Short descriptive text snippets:

☆ ☆ ☆ ☆

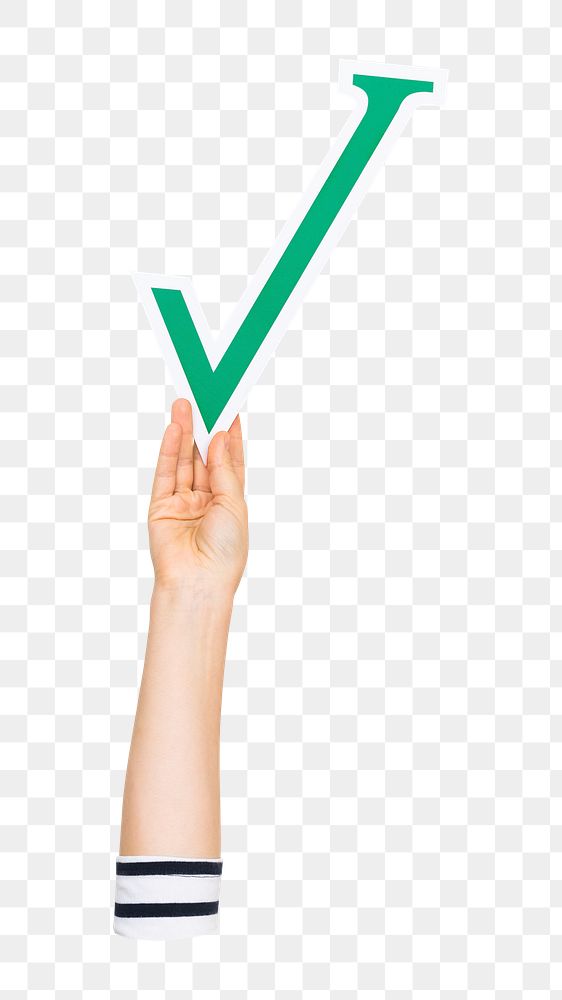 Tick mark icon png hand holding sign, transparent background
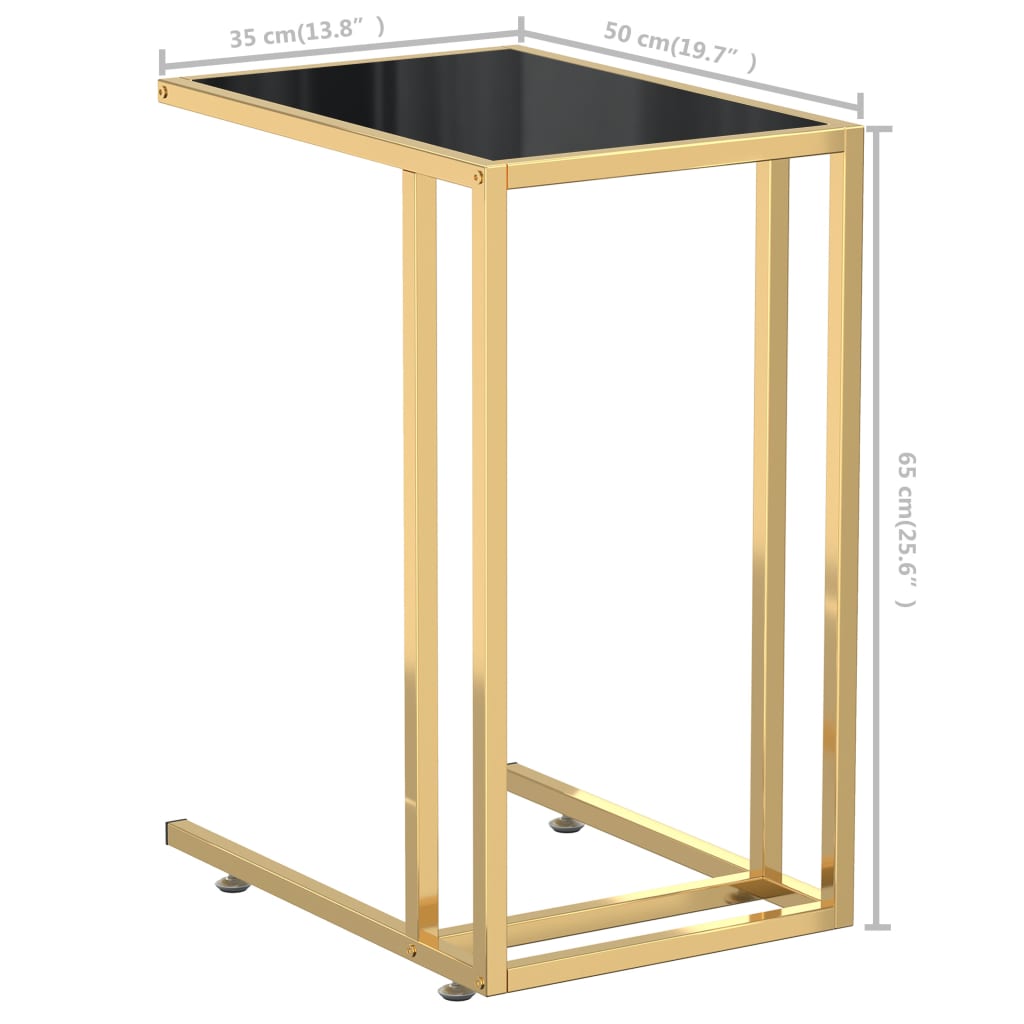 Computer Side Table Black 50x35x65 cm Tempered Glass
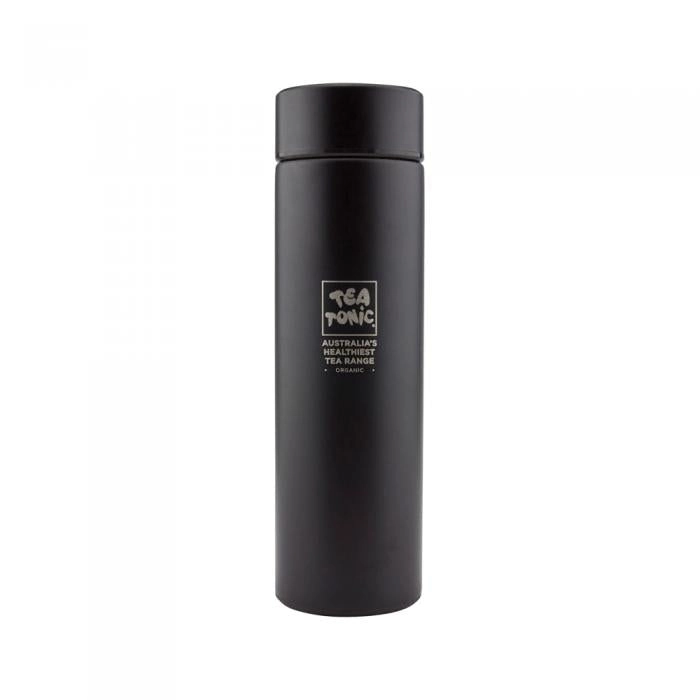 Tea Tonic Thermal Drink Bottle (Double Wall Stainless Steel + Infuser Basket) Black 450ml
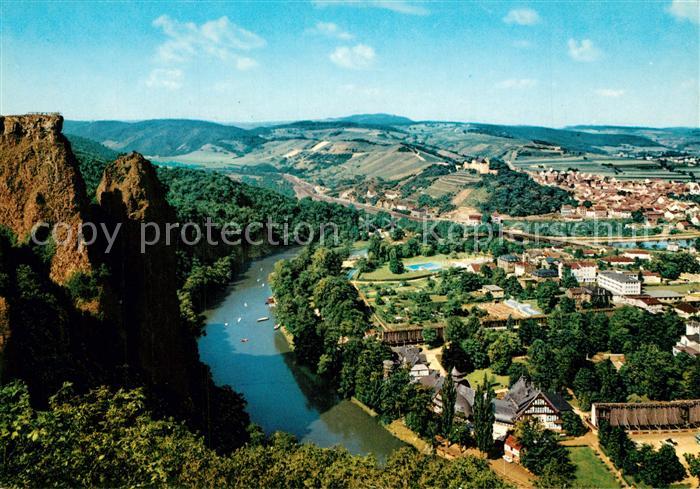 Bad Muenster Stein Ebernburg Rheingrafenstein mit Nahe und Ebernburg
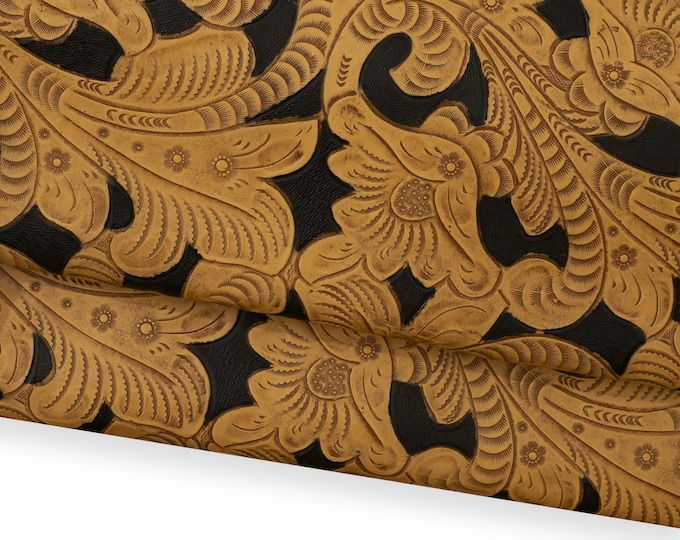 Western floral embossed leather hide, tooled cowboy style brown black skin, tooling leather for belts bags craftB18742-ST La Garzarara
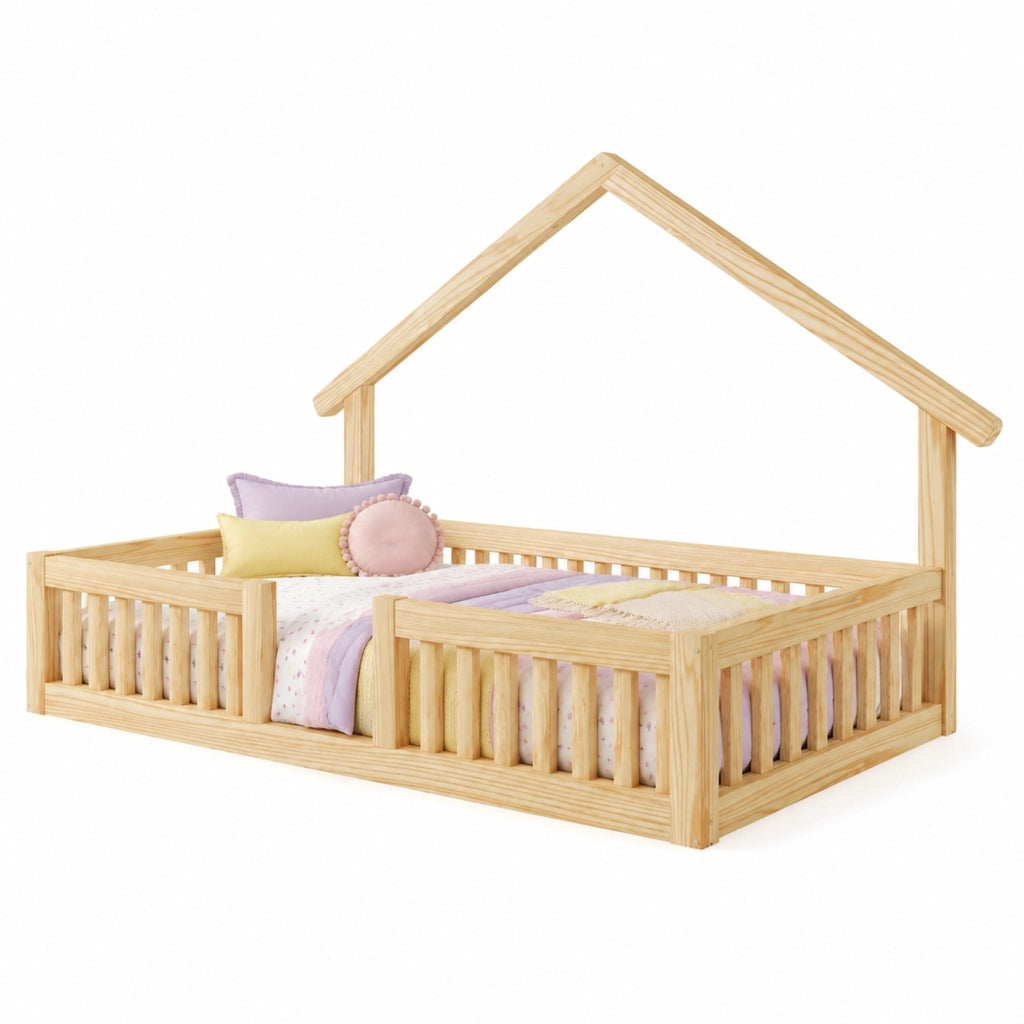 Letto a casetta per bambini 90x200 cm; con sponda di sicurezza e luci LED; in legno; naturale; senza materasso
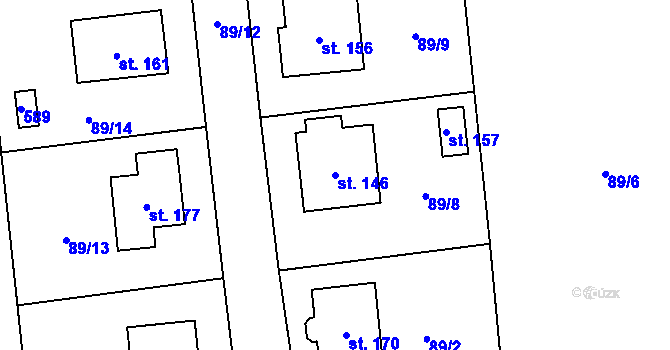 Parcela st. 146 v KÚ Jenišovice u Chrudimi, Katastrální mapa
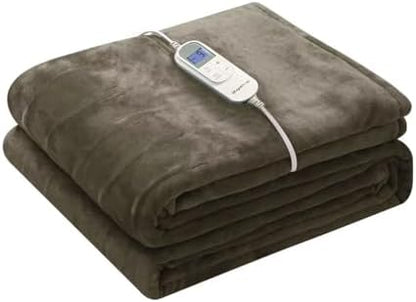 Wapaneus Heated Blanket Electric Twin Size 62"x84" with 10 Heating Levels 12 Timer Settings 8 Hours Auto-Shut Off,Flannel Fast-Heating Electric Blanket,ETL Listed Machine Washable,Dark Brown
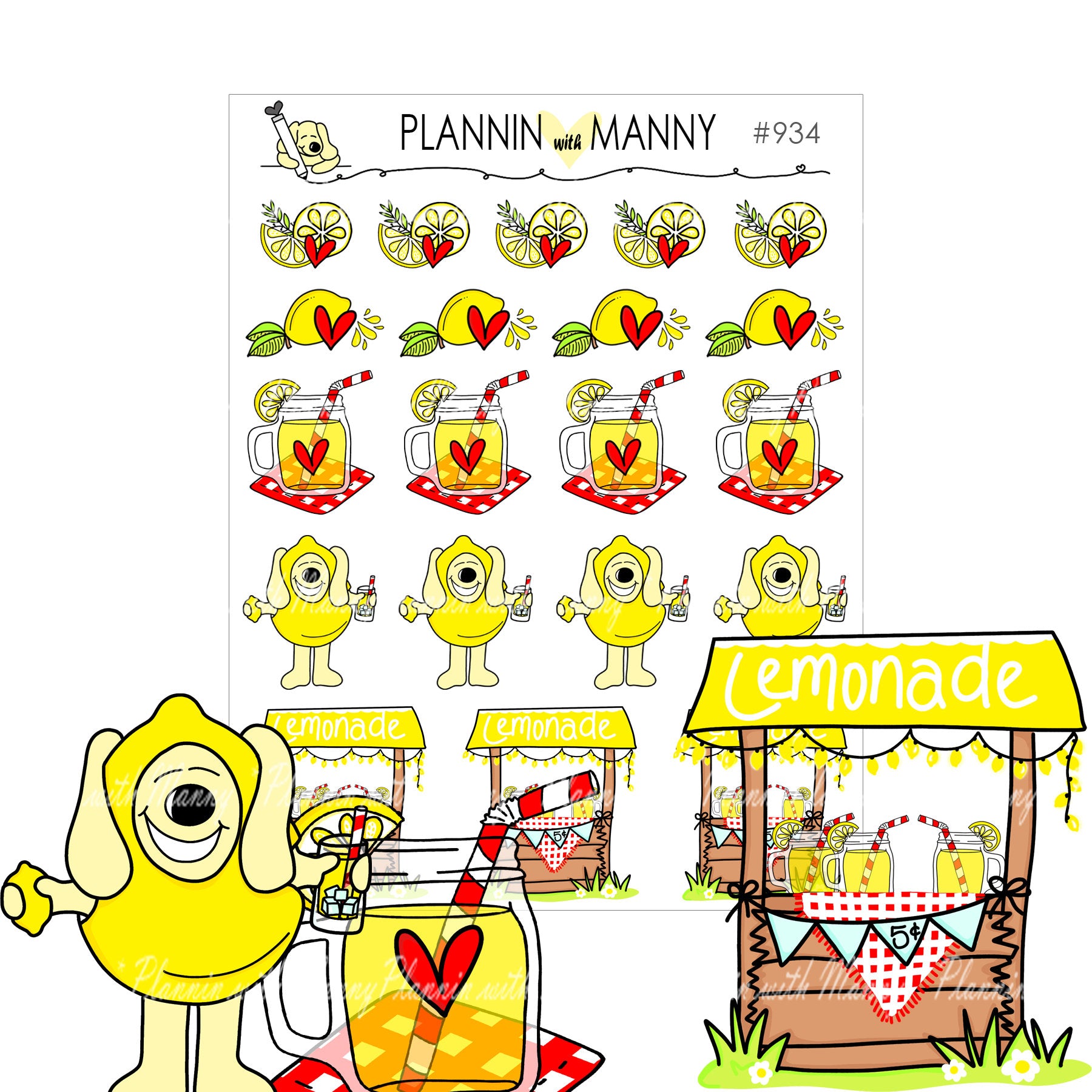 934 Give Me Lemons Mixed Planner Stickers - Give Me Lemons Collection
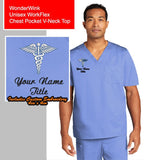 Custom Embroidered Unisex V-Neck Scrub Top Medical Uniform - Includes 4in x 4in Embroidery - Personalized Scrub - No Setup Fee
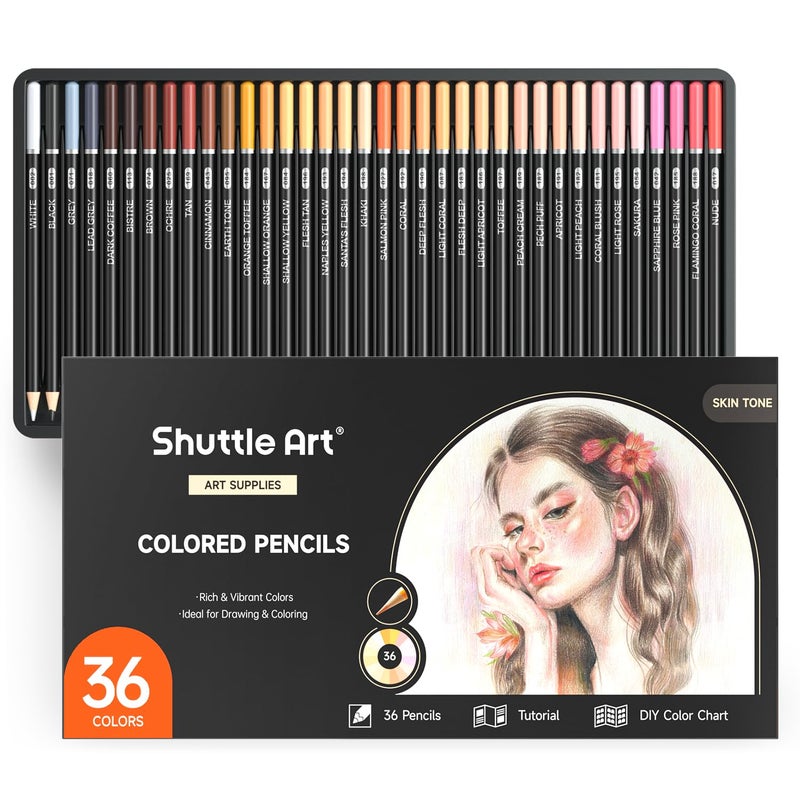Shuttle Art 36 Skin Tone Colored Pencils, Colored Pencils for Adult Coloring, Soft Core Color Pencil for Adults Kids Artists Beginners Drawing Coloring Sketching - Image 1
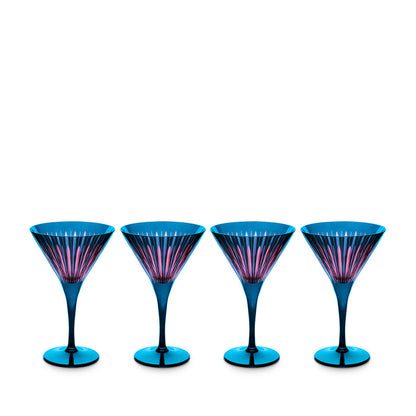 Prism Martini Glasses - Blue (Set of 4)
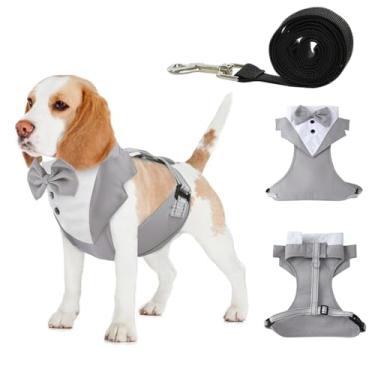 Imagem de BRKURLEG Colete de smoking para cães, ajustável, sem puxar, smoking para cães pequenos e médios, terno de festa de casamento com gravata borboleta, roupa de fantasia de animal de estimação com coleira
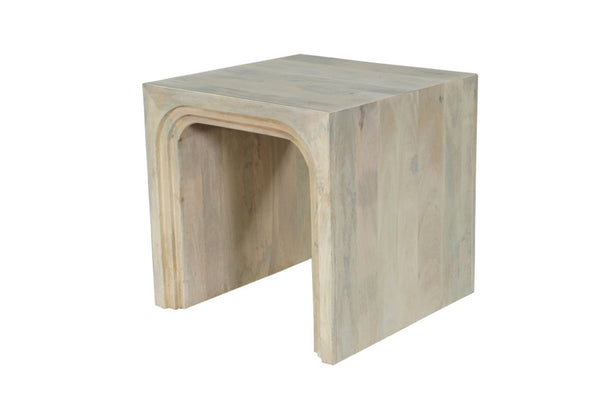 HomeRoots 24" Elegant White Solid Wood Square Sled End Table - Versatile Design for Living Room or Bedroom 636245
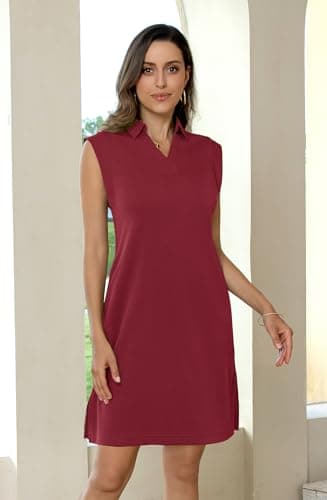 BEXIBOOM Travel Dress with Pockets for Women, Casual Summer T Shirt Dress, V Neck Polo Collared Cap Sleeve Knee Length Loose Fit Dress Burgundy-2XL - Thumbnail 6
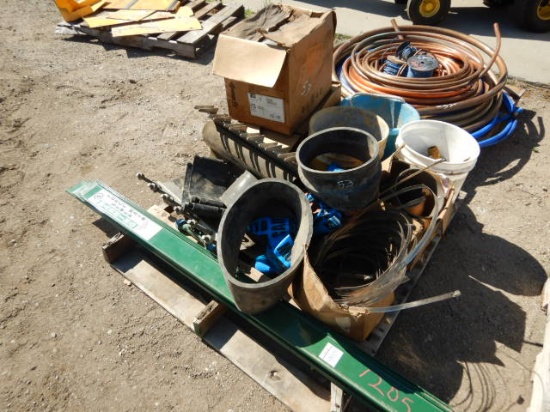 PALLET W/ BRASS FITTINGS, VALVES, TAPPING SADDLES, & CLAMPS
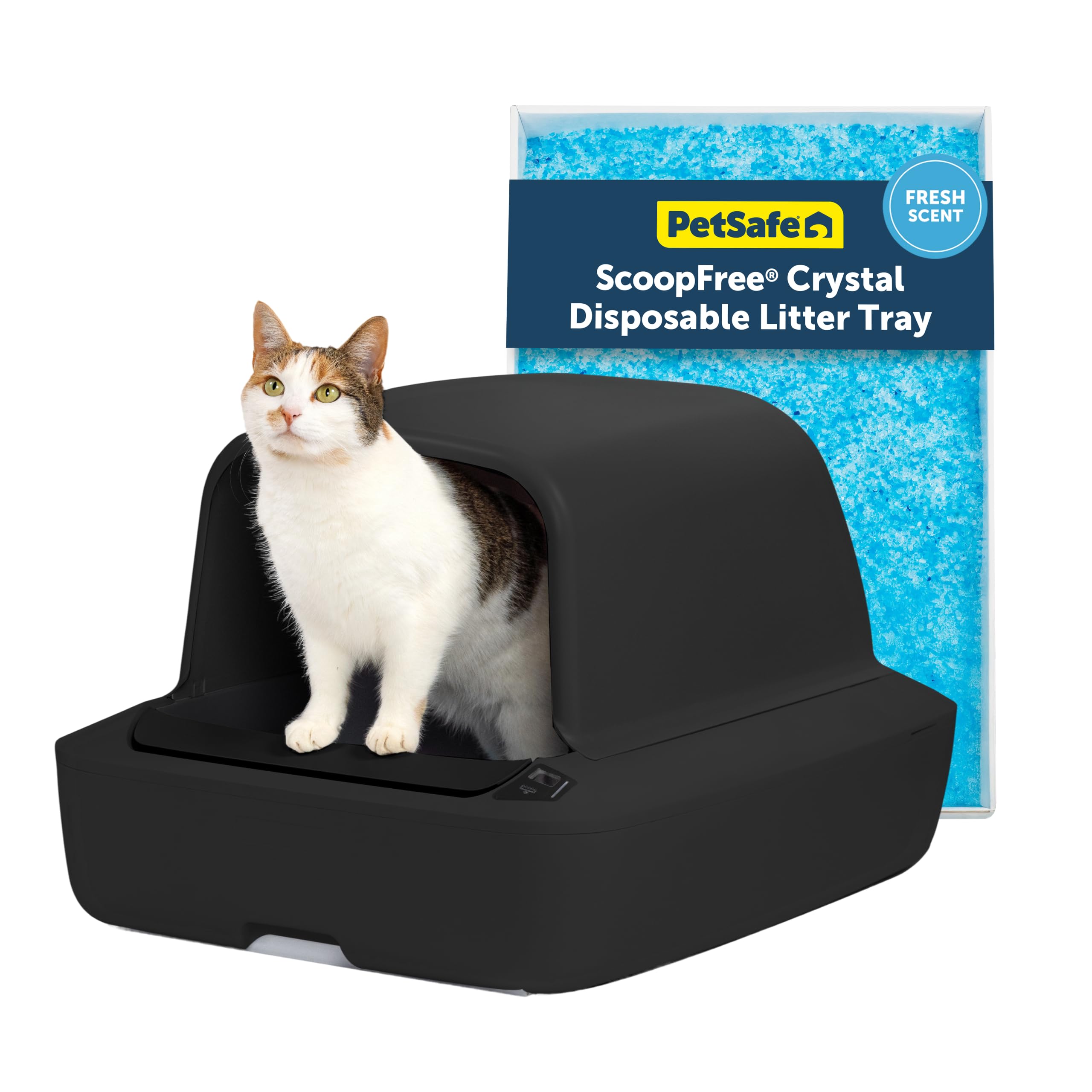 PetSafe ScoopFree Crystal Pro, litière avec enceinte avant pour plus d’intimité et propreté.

☆ ☆ ☆ ☆

## TASK REQUIREMENTS
Output every line above exactly as it stands, and drop any picture.

## YOUR SOLUTION
 Tick mark icon png hand holding sign, transparent background
 Computer Side Table Black 50x35x65 cm Tempered Glass
 Tea Tonic Thermal Drink Bottle (Double Wall Stainless Steel + Infuser Basket) Black 450ml
 Bad Muenster Stein Ebernburg Rheingrafenstein mit Nahe und Ebernburg
 Western floral embossed leather hide, tooled cowboy style brown black skin, tooling leather for belts bags craftB18742-ST La Garzarara
 Letto a casetta per bambini 90x200 cm; con sponda di sicurezza e luci LED; in legno; naturale; senza materasso
 Parcela st. 146 v KÚ Jenišovice u Chrudimi, Katastrální mapa
 Wapaneus Heated Blanket Electric Twin Size 62"x84" with 10 Heating Levels 12 Timer Settings 8 Hours Auto-Shut Off,Flannel Fast-Heating Electric Blanket,ETL Listed Machine Washable,Dark Brown
 934 Give Me Lemons Mixed Planner Stickers - Give Me Lemons Collection
 Custom Embroidered Unisex V-Neck Scrub Top Medical Uniform - Includes 4in x 4in Embroidery - Personalized Scrub - No Setup Fee
Shuttle Art 36 Skin Tone Colored Pencils, Colored Pencils for Adult Coloring, Soft Core Color Pencil for Adults Kids Artists Beginners Drawing Coloring Sketching - Image 1
 Prism Martini Glasses - Blue (Set of 4)
 Imagem de BRKURLEG Colete de smoking para cães, ajustável, sem puxar, smoking para cães pequenos e médios, terno de festa de casamento com gravata borboleta, roupa de fantasia de animal de estimação com coleira
 HomeRoots 24" Elegant White Solid Wood Square Sled End Table - Versatile Design for Living Room or Bedroom 636245
 BEXIBOOM Travel Dress with Pockets for Women, Casual Summer T Shirt Dress, V Neck Polo Collared Cap Sleeve Knee Length Loose Fit Dress Burgundy-2XL - Thumbnail 6
 PALLET W/ BRASS FITTINGS, VALVES, TAPPING SADDLES, & CLAMPS
 PetSafe ScoopFree Crystal Pro, litière avec enceinte avant pour plus d’intimité et propreté.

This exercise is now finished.